About Entasis Therapeutics Inc.
Entasis is a clinical-stage biopharmaceutical company focused on the discovery, development and commercialization of novel antibacterial products to treat serious infections caused by multidrug-resistant Gram-negative bacteria. Entasis’ targeted-design platform has produced a pipeline of product candidates, including ETX2514SUL (targeting A. baumannii infections), ETX0282CPDP (targeting Enterobacteriaceae infections), and zoliflodacin (targeting Neisseria gonorrhoeae). Entasis is also using its platform to develop a novel class of non-β-lactam penicillin-binding protein inhibitors (NBPs) targeting Gram-negative infections. For more information, visit www.entasistx.com.
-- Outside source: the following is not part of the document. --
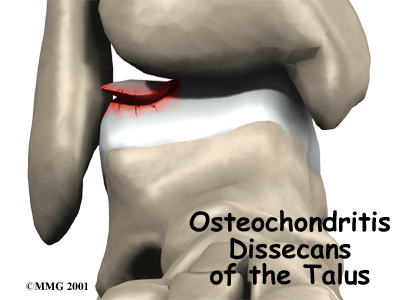 Osteochondritis Dissecans of the Talus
CARB-X is the world's largest public-private partnership devoted to early stage antibacterial research and development. Funded by ASPR/BARDA and Wellcome Trust, with in-kind support from NIAID, CARB-X is investing up to $455 million from 2016-2021 to support innovative products from ‘hit-to-lead’ phase through to Phase 1 clinical trials. CARB-X focuses on high priority drug-resistant bacteria, especially Gram-negatives. CARB-X operates through Boston University. Other partners include RTI International, the Broad Institute of Harvard and MIT, MassBio and the California Life Sciences Institute (CLSI). For more information, visit www.carb-x.org.
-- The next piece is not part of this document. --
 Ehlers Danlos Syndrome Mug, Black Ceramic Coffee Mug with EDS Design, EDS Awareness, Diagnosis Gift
This press release is supported by the Cooperative Agreement Number IDSEP160030 from ASPR/BARDA and by an award from Wellcome Trust, as administrated by CARB-X. The contents are solely the responsibility of the authors and do not necessarily represent the official views of CARB-X, the HHS Office of the Assistant Secretary for Preparedness and Response, the National Institutes of Health or Wellcome Trust.